Stored data:
#####

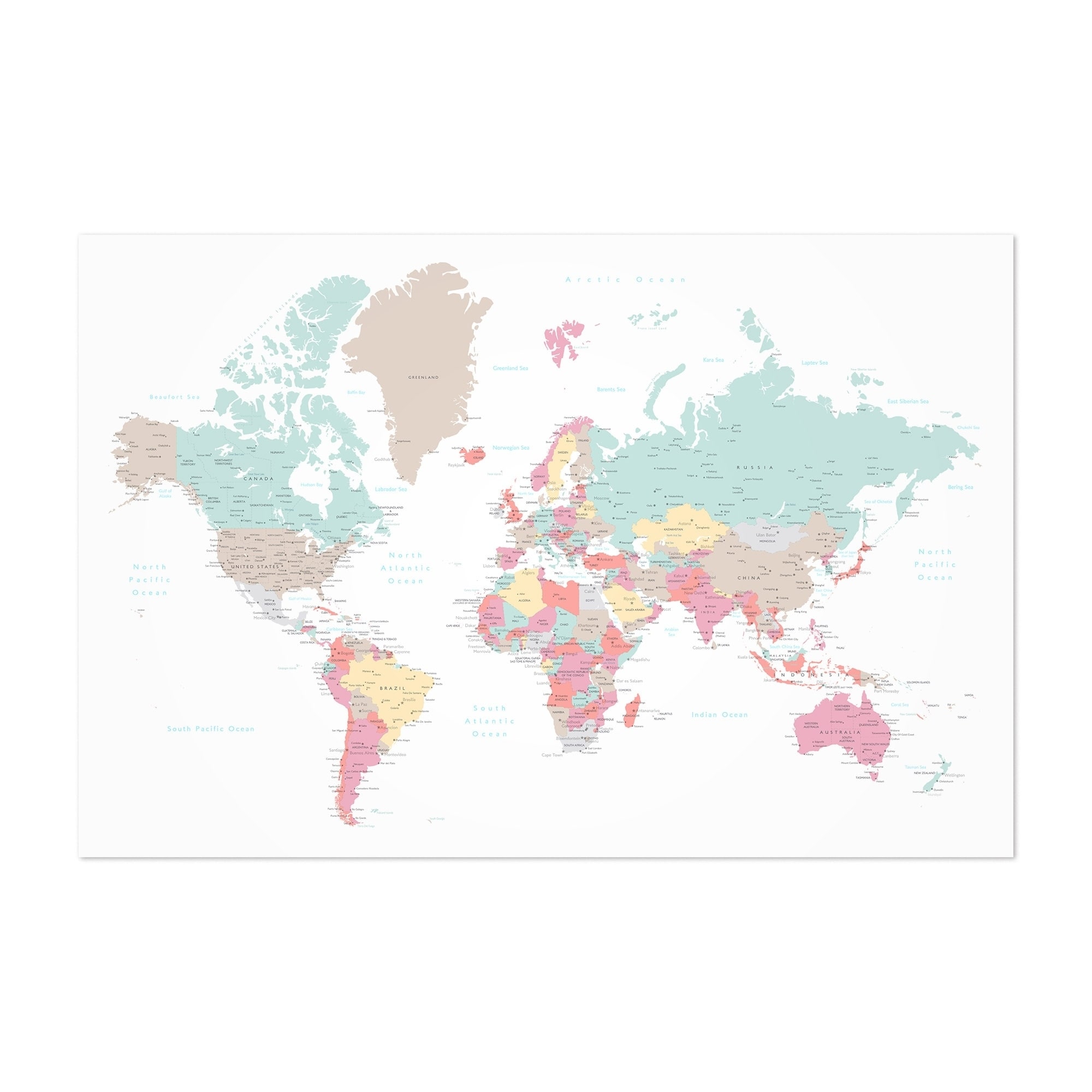 Pastel Map Of The World Shop Noir Gallery Pastel World Map with Cities Unframed Art Print 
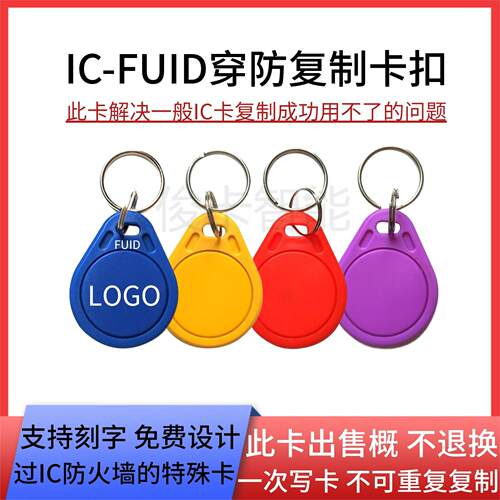 FUID门禁卡电梯卡复制卡IC带防火墙电梯加密卡13.56MHZ空白门禁卡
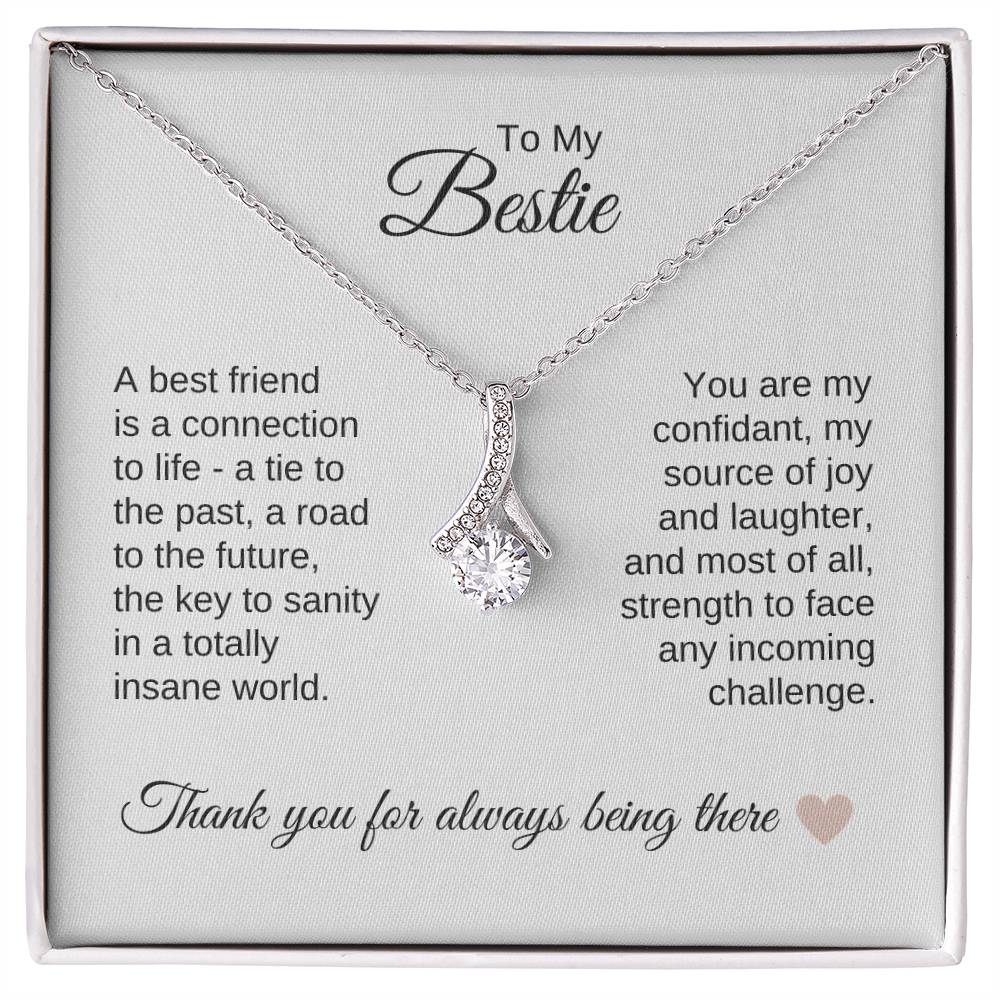 Best BFF Presents Friends are the Best Gifts Gold Ribbon Necklace - MKT Custom Jewelry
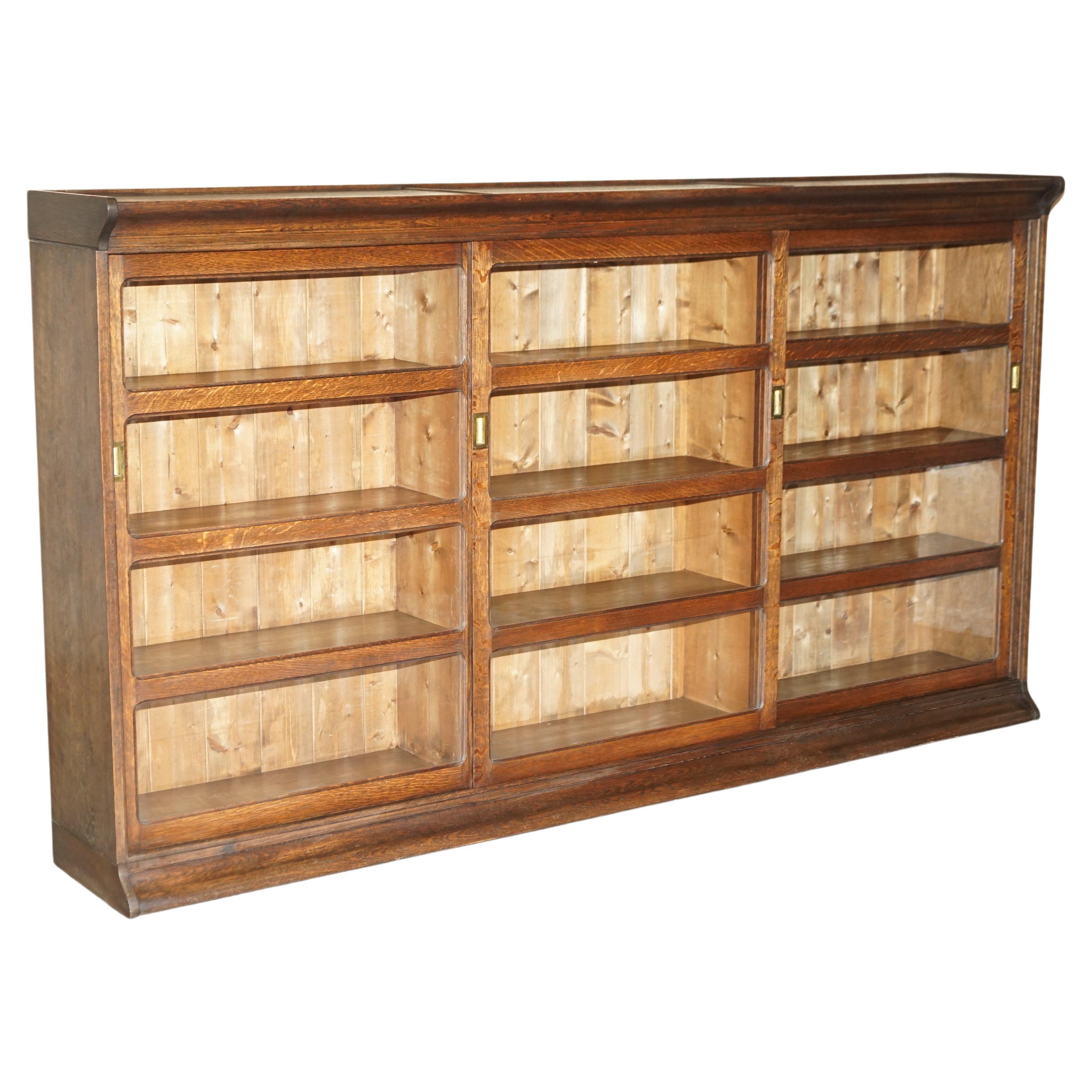 Victorian Oak Haberdashery Apothecary Glazed Door Library Bookcase Sideboard For Sale
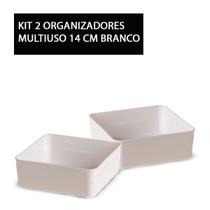 Kit 2 Organizadores Quadrado Multiuso Modular Gaveta Armário Cozinha 15cm Branco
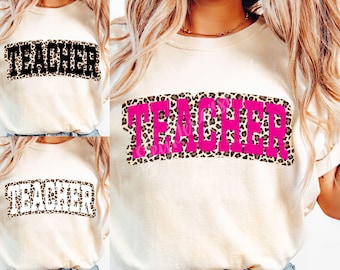 Leopard Teacher PNG Bundle: Retro Shirt Design (Digital Download)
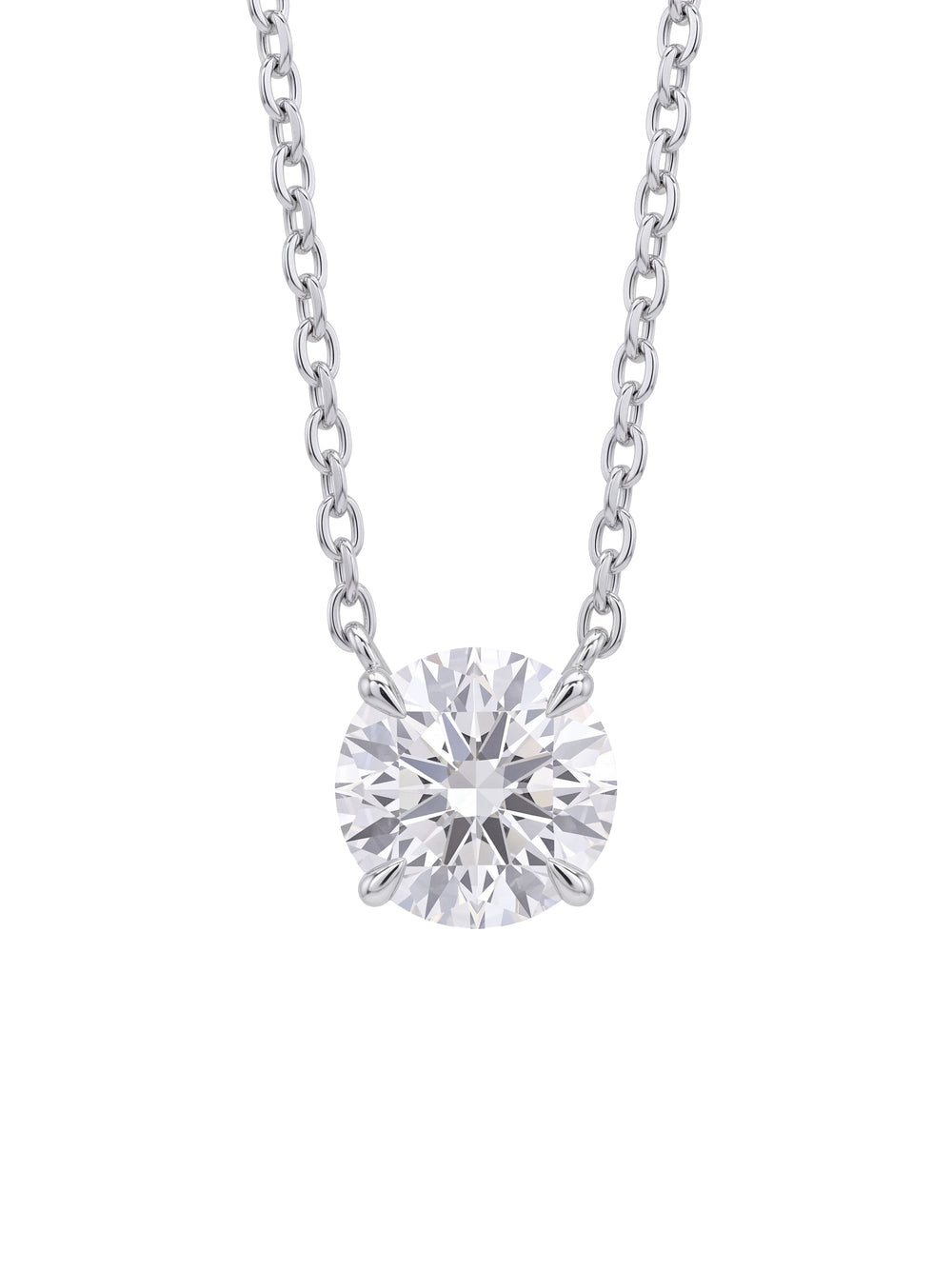 Collar Solitario Corte Round 1.5 Ct Diamante Lab Grown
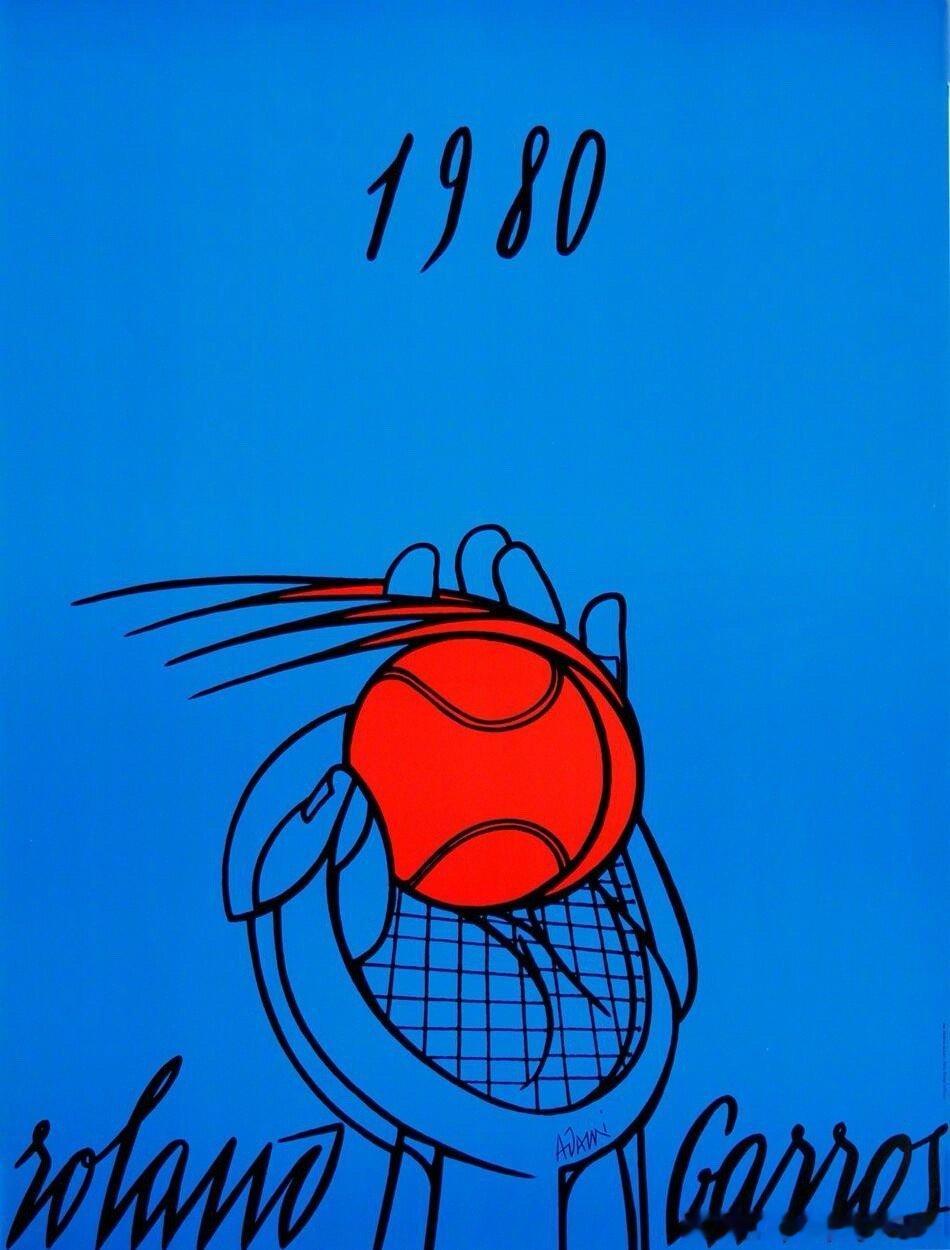 履程趣事[超话] 法网  1980–2025年的法网海报绘制，极富艺术感🎾~I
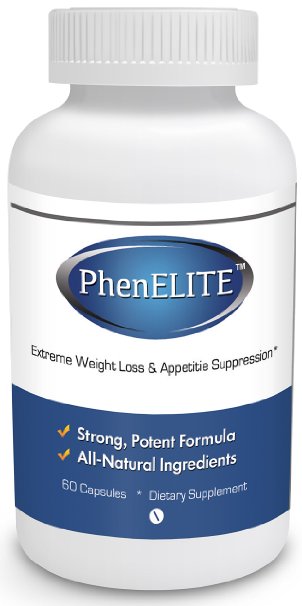 PhenELITE - HIGHEST Rated Pharmaceutical Grade Weight Loss Diet Pills - Fast Weight Loss Hyper-Metabolising Fat Burner and Appetite Suppressor - Lose Weight 100 Guaranteed 1 Bottle - 1 Month Supply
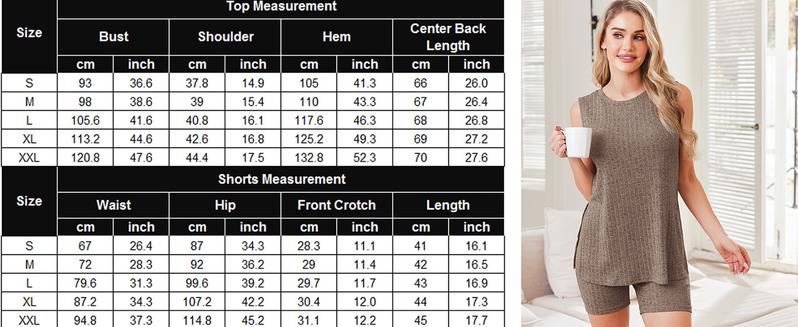 EKOUAER Women's Clothing Sets Striped Knitted Sleeveless Women's 2-Piece Set Cycling Shorts Casual Comfortable Set S-XXL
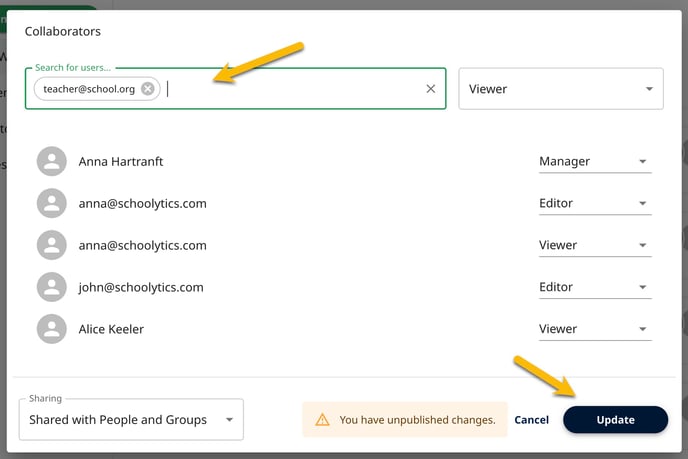 Add email and press update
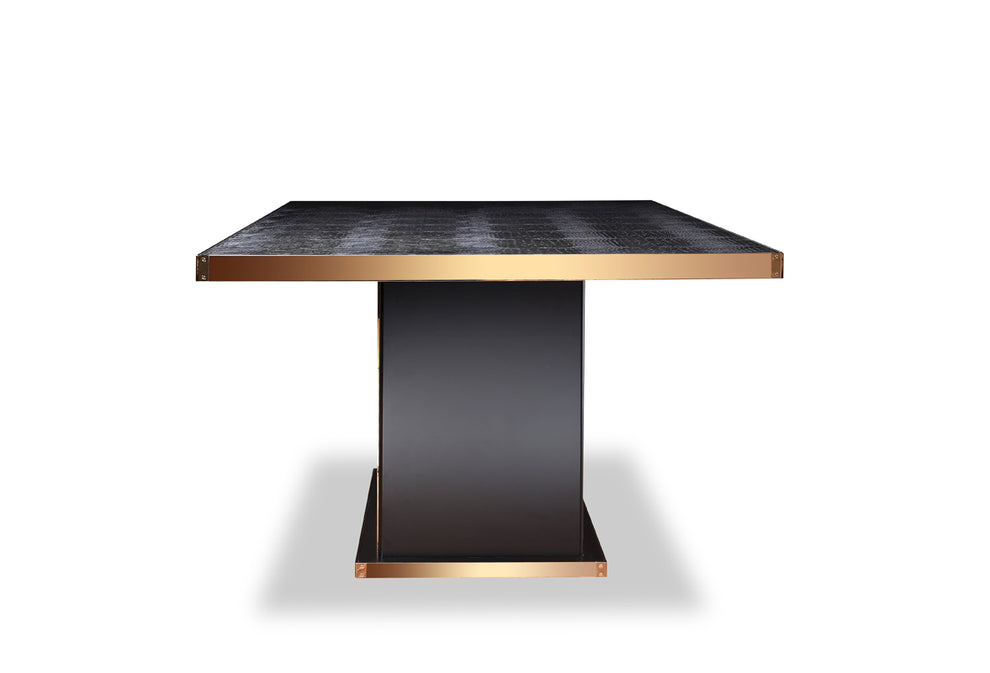 30' Black Crocodile And Rosegold Dining Table By Homeroots | Dining Tables | Modishstore - 4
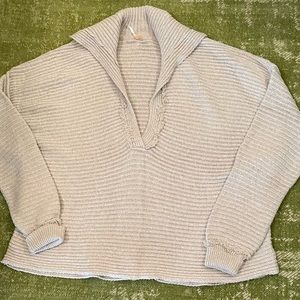 Free People Tan V Neck Collared Sweater XL/1X/2X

#####

## Exercise goal
In the entries above, which lines run from the one with "Collar Solitario Corte" up to and including the one with "30' Black Crocodile"? Write them out exactly, without the pictures.

## Output below
 Collar Solitario Corte Round 1.5 Ct Diamante Lab Grown
 履程趣事[超话] 法网  1980–2025年的法网海报绘制，极富艺术感🎾~I
 PhenELITE - HIGHEST Rated Pharmaceutical Grade Weight Loss Diet Pills - Fast Weight Loss Hyper-Metabolising Fat Burner and Appetite Suppressor - Lose Weight 100 Guaranteed 1 Bottle - 1 Month Supply
 EKOUAER Women's Clothing Sets Striped Knitted Sleeveless Women's 2-Piece Set Cycling Shorts Casual Comfortable Set S-XXL
 Add email and press update
 30' Black Crocodile And Rosegold Dining Table By Homeroots | Dining Tables | Modishstore - 4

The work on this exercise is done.